Figure 5.

Discovery of a potent NUDT7 inhibitor by fragment merging. (A) Chemical structures of similar hit compounds that exhibited 68% (PCM-0102716), 88% (PCM-0102512), and 100% (PCM-0102558, PCM-0102298, PCM-0102951, and PCM-0102938) labeling of NUDT7 in the primary screen. Compound NUDT7-REV-1 is a noncovalent fragment (purple) that was identified as a NUDT7 binder in a crystallography soaking screen (see (E)).

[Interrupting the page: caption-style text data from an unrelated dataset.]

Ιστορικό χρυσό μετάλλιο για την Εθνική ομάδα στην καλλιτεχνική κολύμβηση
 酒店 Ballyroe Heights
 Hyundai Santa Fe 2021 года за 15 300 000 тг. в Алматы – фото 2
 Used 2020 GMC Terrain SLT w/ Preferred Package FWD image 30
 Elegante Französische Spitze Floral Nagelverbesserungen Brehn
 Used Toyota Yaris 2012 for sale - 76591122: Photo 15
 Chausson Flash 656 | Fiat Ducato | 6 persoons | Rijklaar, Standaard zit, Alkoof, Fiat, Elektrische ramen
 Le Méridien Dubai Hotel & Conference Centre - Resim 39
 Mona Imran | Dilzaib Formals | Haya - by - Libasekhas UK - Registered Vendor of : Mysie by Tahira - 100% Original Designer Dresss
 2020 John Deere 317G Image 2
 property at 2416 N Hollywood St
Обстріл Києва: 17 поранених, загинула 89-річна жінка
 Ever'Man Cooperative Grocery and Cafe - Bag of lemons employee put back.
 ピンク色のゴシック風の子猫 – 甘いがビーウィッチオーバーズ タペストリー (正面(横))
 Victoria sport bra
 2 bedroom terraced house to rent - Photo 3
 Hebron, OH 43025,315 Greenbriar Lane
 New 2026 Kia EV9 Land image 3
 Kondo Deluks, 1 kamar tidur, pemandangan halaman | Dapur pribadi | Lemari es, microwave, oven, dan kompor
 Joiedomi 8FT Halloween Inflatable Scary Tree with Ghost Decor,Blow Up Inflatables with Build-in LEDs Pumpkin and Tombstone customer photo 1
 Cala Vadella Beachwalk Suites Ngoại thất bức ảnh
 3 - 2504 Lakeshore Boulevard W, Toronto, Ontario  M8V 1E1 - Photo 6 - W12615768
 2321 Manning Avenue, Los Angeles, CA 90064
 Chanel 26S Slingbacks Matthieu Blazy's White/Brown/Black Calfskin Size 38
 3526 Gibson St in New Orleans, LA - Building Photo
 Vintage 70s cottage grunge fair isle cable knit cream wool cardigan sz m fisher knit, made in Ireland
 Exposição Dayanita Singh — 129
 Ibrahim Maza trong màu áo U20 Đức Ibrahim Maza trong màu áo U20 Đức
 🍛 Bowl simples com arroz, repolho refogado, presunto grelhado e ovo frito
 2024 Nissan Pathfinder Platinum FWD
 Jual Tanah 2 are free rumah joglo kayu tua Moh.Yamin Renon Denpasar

NUDT7-COV-1 (blue) is a merged compound based on PCM-0102716 (magenta) and NUDT7-REV-1. (B) The six hits identified in the primary screen stabilize NUDT7 by 4.5–8.1 °C in a T_m shift assay. (C) Labeling percentage of compounds PCM-0102558, PCM-0102951, PCM-0102298, PCM-0102716, PCM-0102512, and PCM-0102938 at 5–200 μM, 24 h, 4 °C. (D) Cocrystal structures of NUDT7 with compounds PCM-0102951, PCM-0102558, and PCM-0102716. (E) Overlay of the crystal structures of NUDT7 with compound PCM-0102716 (pink) and with the noncovalent fragment NUDT7-REV-1 (purple). (F) The cocrystal structure of NUDT7 with the merged compound NUDT7-COV-1 adopts the exact same binding mode as the two separate fragments. (G) Enzymatic inhibition of NUDT7 by NUDT7-COV-1 and NUDT7-REV-1. The data shown include results with and without a 30 min protein preincubation in the presence of the compounds. (H) Intracellular target engagement is demonstrated by thermal stabilization of FLAG-NUDT7 by NUDT7-COV-1 in intact HEK293 cells. After transfection, cells were treated with 20 μM NUDT7-COV-1 or DMSO for 30 min before being heated to the indicated temperatures.